## Exercise details
All that is wanted is the span of lines from the one with "L Shape Table." to the last line of the data, copied exactly.

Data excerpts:
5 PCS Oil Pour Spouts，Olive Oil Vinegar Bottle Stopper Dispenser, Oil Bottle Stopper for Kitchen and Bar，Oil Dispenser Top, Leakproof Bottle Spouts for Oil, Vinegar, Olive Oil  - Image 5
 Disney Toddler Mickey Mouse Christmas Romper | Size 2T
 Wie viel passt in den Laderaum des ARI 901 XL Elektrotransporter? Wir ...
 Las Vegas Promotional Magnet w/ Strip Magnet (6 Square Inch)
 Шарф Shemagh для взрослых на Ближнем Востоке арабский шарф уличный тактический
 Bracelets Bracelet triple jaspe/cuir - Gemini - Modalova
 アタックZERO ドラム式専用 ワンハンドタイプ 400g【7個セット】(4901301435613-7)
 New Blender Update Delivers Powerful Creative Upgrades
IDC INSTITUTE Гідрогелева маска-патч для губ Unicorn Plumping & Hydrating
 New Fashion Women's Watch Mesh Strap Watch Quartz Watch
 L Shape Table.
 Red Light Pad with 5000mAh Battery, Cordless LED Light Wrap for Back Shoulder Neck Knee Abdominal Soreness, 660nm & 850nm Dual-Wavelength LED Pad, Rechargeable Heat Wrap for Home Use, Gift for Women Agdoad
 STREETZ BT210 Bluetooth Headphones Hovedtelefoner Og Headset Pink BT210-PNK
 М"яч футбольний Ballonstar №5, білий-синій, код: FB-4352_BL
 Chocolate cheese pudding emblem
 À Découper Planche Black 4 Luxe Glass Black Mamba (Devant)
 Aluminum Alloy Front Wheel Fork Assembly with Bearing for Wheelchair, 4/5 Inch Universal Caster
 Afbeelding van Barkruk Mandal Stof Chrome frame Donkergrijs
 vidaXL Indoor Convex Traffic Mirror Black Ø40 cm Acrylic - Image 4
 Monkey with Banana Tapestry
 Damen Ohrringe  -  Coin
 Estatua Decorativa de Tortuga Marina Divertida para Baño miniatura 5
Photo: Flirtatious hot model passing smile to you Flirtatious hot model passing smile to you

## Your response
 L Shape Table.
 Red Light Pad with 5000mAh Battery, Cordless LED Light Wrap for Back Shoulder Neck Knee Abdominal Soreness, 660nm & 850nm Dual-Wavelength LED Pad, Rechargeable Heat Wrap for Home Use, Gift for Women Agdoad
 STREETZ BT210 Bluetooth Headphones Hovedtelefoner Og Headset Pink BT210-PNK
 М"яч футбольний Ballonstar №5, білий-синій, код: FB-4352_BL
 Chocolate cheese pudding emblem
 À Découper Planche Black 4 Luxe Glass Black Mamba (Devant)
 Aluminum Alloy Front Wheel Fork Assembly with Bearing for Wheelchair, 4/5 Inch Universal Caster
 Afbeelding van Barkruk Mandal Stof Chrome frame Donkergrijs
 vidaXL Indoor Convex Traffic Mirror Black Ø40 cm Acrylic - Image 4
 Monkey with Banana Tapestry
 Damen Ohrringe  -  Coin
 Estatua Decorativa de Tortuga Marina Divertida para Baño miniatura 5
Photo: Flirtatious hot model passing smile to you Flirtatious hot model passing smile to you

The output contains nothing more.